Was für ein Sieg, was für eine Chance, was für ein Himmel. So glückselig wie in dieser Zeit war ich selten. 

Einige die meine Zeilen lesen werden sagen, der Kerl hat doch Lücken in seiner Grundstückbegrenzung. (Früher auch genannt, nicht mehr alle Latten am Zaun). Ja, könnte man sagen, aber „es ist mir egal“. Mir ist Wurscht was andere darüber sagen, denn ich fühle doch allein, ob das geschriebene mit guttut. Ja es tut gut. Hätte ich vorher so gedacht? Nein, ich hätte mit allen Mitteln verhindert, dass Fremde über mich irgendetwas denken könnten, ob nun gut oder schlecht. Ich hätte mich weiterhin versteckt. Susanne, kleiner Reinhard und ich sind nun drei sehr gute Freunde und mit vereinter Kraft kann ich das schreiben.
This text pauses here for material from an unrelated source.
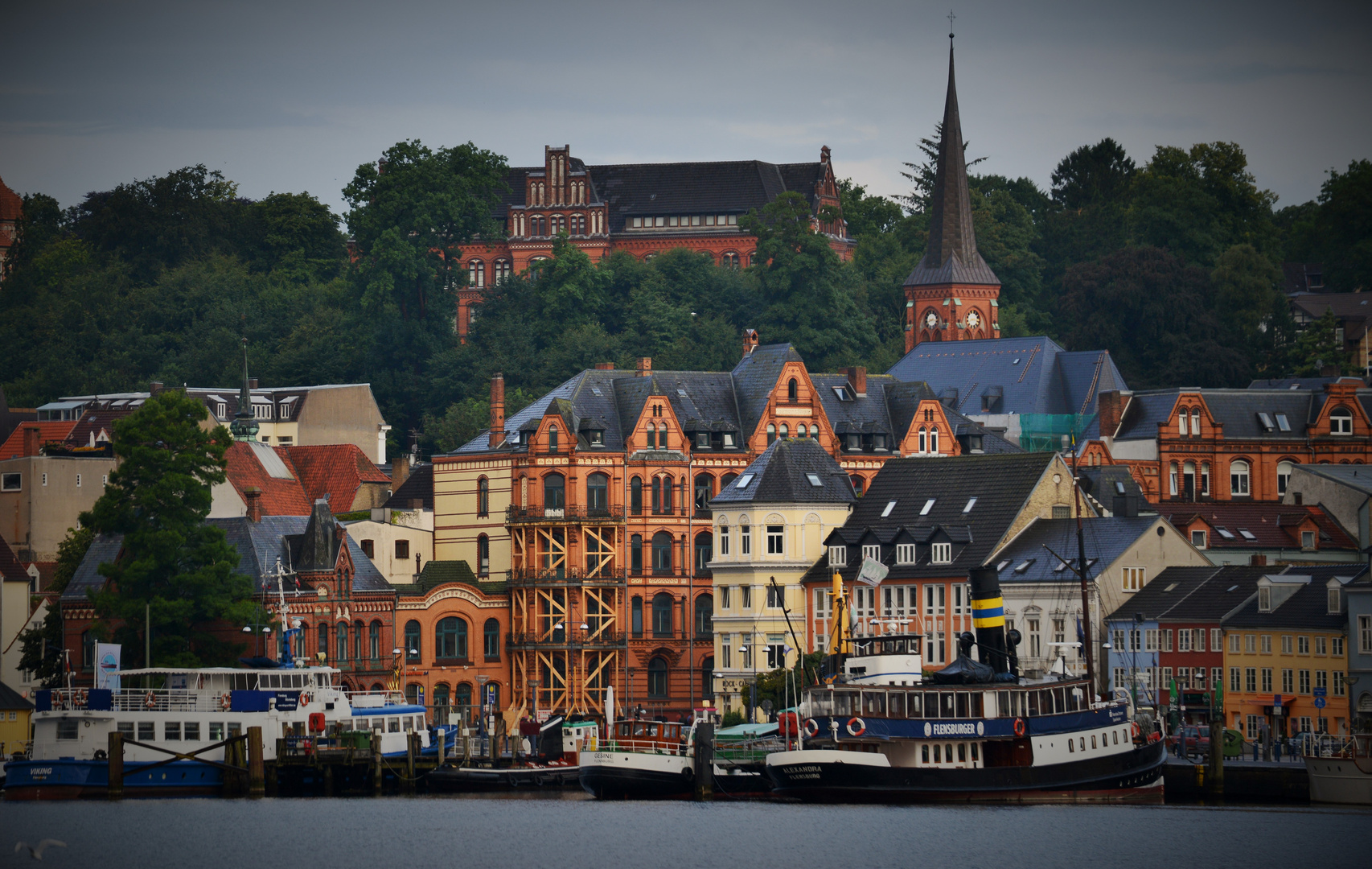 Gewitterstimmung am Hafen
Aber nur dort ist Heilung für Euch. Alles was Ihr in der Vergangenheit vermisst ist einzig und allein in Euch. Ihr müsst lediglich graben. Solltet Ihr auf dem Weg zu Euch irgendjemand finden, werdet Freunde denn Ihr braucht Euch. Bedeutet aber auch, dass ich der Persönlichkeit vergeben muss, um daraus Freundschaft entstehen zu lassen.

Habe Mut, stelle Dich Dir und werde Freund mit Dir. Du kannst es gleichfalls schaffen. Mit dieser dann neuen Kraft wirst du ein anderer Mensch werden. Ein Mensch, der Dir morgens dann auch im Spiegelbild gefällt.